Dirinya menambahkan, penggunaan batu bara secara terus menerus menimbulkan dampak lingkungan dan kesehatan masyarakat. Sebagaimana terlihat di sejumlah kawasan industri di Sulteng dan Sulsel yang masih pakai PLTU batubara untuk operasional industri besar.
Dia menegaskan, klausul pengecualian dalam Perpres 112/2022 merupakan akar persoalan hingga harus koreksi. Karena itu, pada 20 September lalu, koalisi pengacara lingkungan mengajukan uji materiil perpres tersebut ke Mahkamah Agung.
Terdapat sejumlah alasan yang mendasari uji materiil itu, antara lain UU tentang Energi dan Ketenagalistrikan, UU Perlindungan dan Pengelolaan Lingkungan Hidup, UU Hak Asasi Manusia, serta UU Nomor 12/2011 tentang Pembentukan Peraturan Perundang-Undangan.
Perpres 112/2022, katanya, tersusun secara tergesa dan minim partisipasi publik, bahkan cenderung tertutup. Pola itu menguatkan dugaan bahwa regulasi itu bertujuan untuk melegalisasi dan mengamankan kepentingan industri energi fosil, bukan untuk melindungi lingkungan hidup dan hak warga negara.

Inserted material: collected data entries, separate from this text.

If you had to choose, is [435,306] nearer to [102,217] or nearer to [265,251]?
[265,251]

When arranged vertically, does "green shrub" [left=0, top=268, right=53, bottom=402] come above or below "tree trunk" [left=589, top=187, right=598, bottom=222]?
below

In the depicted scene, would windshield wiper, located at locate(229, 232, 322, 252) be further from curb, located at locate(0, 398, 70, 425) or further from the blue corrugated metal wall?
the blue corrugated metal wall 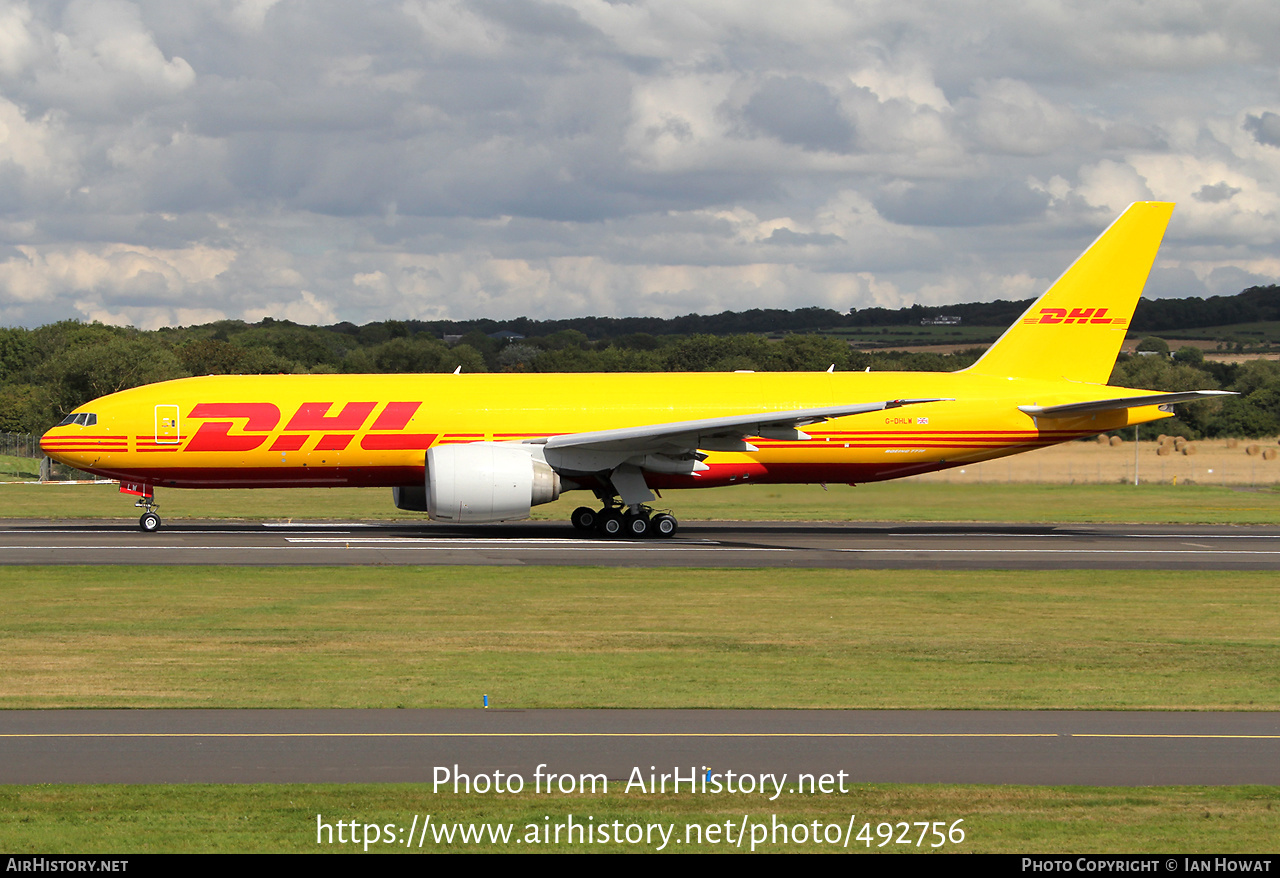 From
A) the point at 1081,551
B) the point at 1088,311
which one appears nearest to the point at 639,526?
the point at 1081,551

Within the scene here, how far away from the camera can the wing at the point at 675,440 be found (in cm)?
2972

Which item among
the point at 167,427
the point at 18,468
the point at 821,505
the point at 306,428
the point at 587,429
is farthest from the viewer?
the point at 18,468

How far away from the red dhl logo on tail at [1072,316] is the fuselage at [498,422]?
82.7 inches

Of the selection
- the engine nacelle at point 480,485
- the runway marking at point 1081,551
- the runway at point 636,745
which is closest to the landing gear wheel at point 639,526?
the engine nacelle at point 480,485

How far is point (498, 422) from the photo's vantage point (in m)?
32.2

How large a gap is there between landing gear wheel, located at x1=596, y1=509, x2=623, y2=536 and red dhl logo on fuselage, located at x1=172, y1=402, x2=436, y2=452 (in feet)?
15.5

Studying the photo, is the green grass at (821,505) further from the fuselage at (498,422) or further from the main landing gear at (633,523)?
the main landing gear at (633,523)

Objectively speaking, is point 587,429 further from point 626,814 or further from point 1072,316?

PLTU captive adalah pembangkit listrik berbahan bakar batu bara yang dimiliki dan dioperasikan oleh perusahaan tertentu untuk memenuhi kebutuhan listriknya sendiri, biasanya dibangun terkait operasional tambang.
Masifnya rencana pengembangan PLTU captive tersebut dinilai bertolak belakang dengan ambisi penurunan emisi Indonesia.

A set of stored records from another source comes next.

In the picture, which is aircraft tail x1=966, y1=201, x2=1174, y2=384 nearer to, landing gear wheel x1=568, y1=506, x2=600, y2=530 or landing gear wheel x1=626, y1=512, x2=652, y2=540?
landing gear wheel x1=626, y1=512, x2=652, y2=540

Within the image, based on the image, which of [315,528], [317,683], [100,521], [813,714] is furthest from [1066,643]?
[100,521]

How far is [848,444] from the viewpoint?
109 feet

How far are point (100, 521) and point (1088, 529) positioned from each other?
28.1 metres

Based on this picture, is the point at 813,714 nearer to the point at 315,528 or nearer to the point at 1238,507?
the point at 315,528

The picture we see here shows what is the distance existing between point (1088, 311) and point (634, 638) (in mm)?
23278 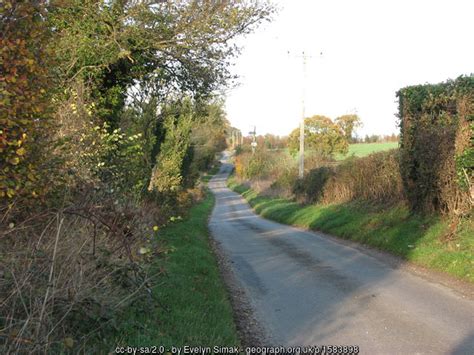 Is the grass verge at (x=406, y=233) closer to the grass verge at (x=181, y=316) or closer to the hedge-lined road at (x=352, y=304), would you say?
the hedge-lined road at (x=352, y=304)

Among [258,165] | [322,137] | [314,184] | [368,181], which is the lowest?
[314,184]

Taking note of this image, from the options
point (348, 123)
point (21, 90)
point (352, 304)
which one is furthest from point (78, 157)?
point (348, 123)

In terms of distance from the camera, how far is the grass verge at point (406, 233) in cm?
1179

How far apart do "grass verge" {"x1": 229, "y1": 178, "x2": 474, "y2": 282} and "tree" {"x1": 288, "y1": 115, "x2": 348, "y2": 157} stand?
105 ft

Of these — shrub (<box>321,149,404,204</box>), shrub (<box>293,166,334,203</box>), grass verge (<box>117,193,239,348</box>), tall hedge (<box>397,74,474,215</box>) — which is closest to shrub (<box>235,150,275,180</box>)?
shrub (<box>293,166,334,203</box>)

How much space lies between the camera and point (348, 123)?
66500 mm

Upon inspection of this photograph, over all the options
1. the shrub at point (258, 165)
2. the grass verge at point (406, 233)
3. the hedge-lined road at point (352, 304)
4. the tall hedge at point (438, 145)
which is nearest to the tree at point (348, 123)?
the shrub at point (258, 165)

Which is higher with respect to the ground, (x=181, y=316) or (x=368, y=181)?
(x=368, y=181)

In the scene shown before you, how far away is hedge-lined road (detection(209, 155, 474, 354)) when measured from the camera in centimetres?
675

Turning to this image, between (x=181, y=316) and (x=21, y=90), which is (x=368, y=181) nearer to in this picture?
(x=181, y=316)

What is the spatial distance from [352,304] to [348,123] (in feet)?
196

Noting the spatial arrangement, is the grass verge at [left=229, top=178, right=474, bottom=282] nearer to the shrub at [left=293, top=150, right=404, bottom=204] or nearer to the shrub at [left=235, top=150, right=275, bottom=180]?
the shrub at [left=293, top=150, right=404, bottom=204]

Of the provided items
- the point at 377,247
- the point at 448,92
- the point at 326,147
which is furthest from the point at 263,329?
the point at 326,147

Berdasarkan Peraturan Presiden Nomor 112 Tahun 2022, PLTU captive hanya dapat beroperasi hingga tahun 2050 dan harus mengurangi emisi setidaknya 35 persen dalam waktu 10 tahun setelah beroperasi.

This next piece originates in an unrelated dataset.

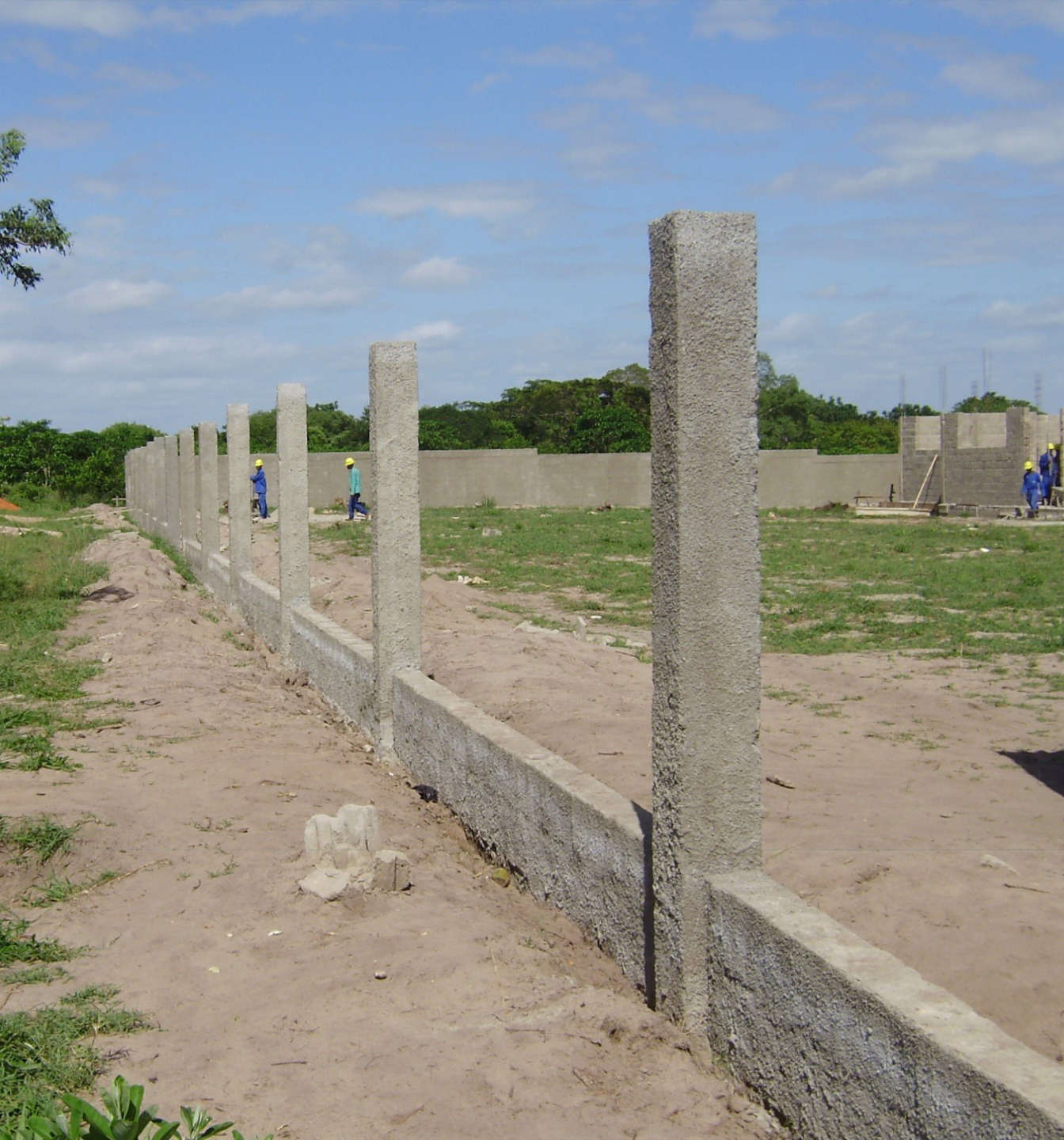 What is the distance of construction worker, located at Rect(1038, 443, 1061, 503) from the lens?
2697cm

PLTU Captive milik perusahaan-perusahaan tersebut, dinilai merusak lingkungan. Paling kentara mengubah bentang sungai.
“Jadi awalnya sungainya bejalan normal, dia timbun total. Setelah diberitakan di media, dia buka tapi sedikit, jadi genangan tetap ada,” ujar Sandy.
Akhirnya, sungainya tercemar melampaui indeks baku mutu sampai di level lima. Pencemaran level tersebut, kata dia, sangat parah.
“Jadi baku mutu kelas satu tidak bisa diminum, tapi bisa untuk pertanian. Kalau kelas dua, tidak bisa untuk pertanian, kelas tiga untuk wisata tidak bisa,” ucapnya.
Di bagian pesisir, pencemaran akibat PLTU Captive terlihat secara kasat mata. Airnya hitam dan berminyak.
“Itu pelabuhan menyebar airnya sampai pesisir, sampai nelayan kehilangan wilayah tangkapnya,” imbuhnya.
Dua kemenangan itu, selain segera dieksekusi, kata Sandy, bisa menjadi dasar. Agar Mahkamah Agung (MA) mengabulkan uji materi Peraturan Presiden Nomor 112 Tahun 2022.
Gugatan tersebut diketahui diajukan Koalisi Sulawesi Tanpa Polusi. “Karena sudah ada pembuktian di tingkat tapak, maka harus dipandang oleh MA sebagai hal yang ril terjadi, dan harus secara tegas dinyatakan untuk menghapus Pepres yang digugat tersebut,” pungkas Sandy.